▸ **Exercise data**
***

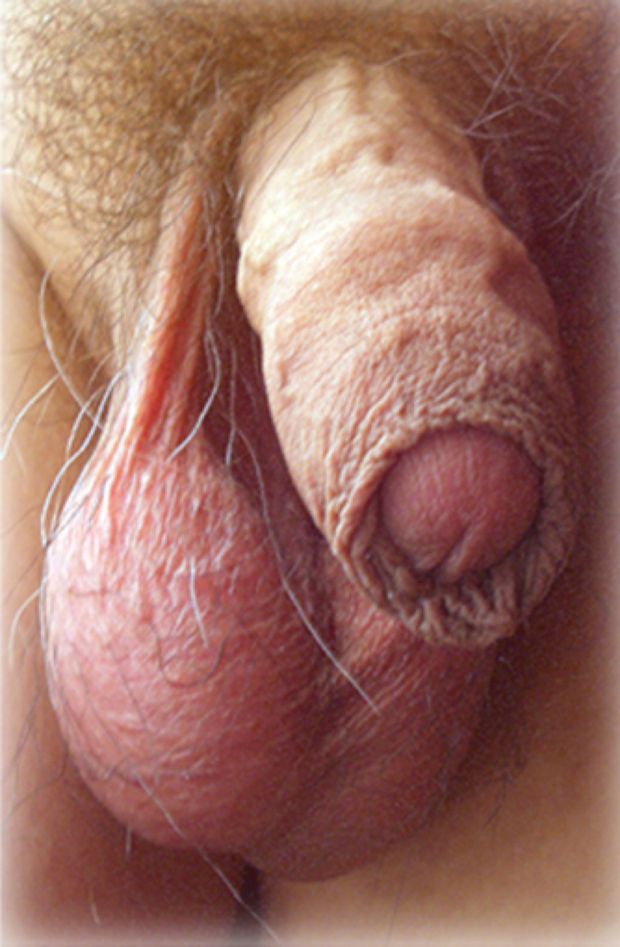 My sleepy dick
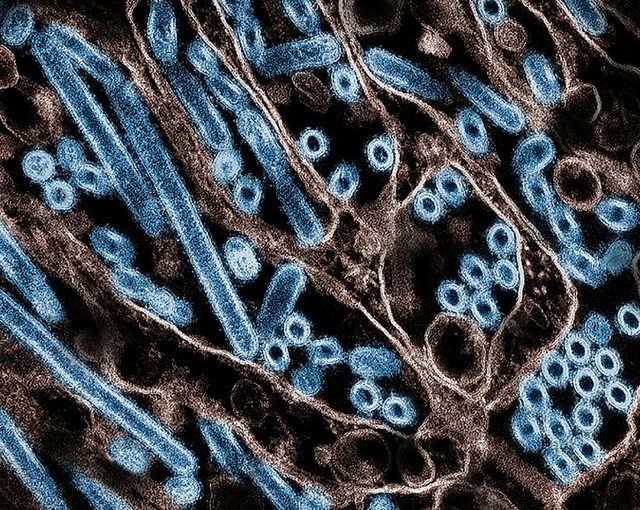 Virus cúm gia cầm H5N1 (xanh) được nuôi cấy trong phòng thí nghiệm ở Mỹ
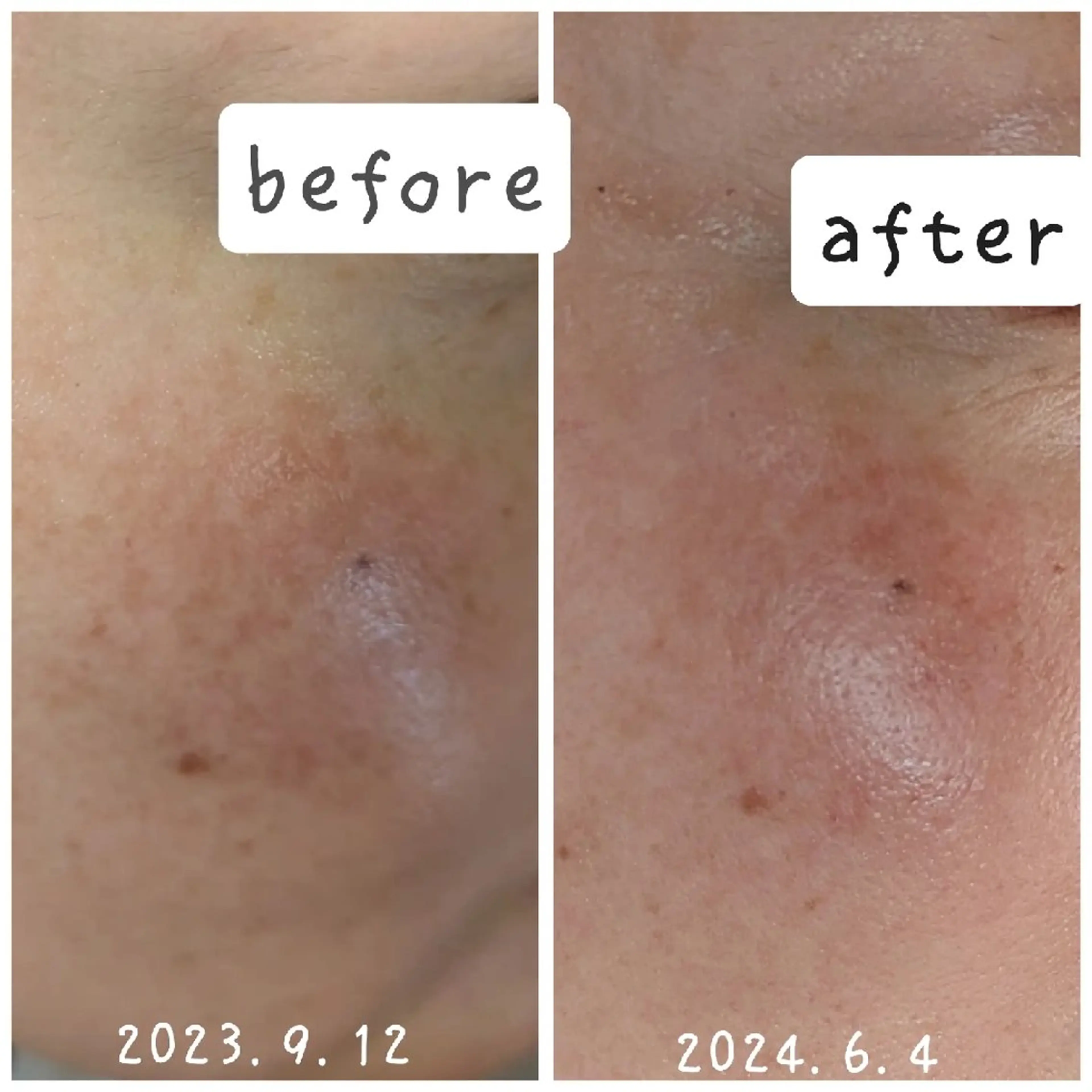 結果が出るスキンケア 肌質改善/まつパのエステ・リラクイメージ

***

▸ **Exercise**
Each line from the one containing "Virus cúm gia" through the last line of the data should be written out exactly. Skip the pictures, and add no other lines.

▸ **Result of the exercise**
 Virus cúm gia cầm H5N1 (xanh) được nuôi cấy trong phòng thí nghiệm ở Mỹ
 結果が出るスキンケア 肌質改善/まつパのエステ・リラクイメージ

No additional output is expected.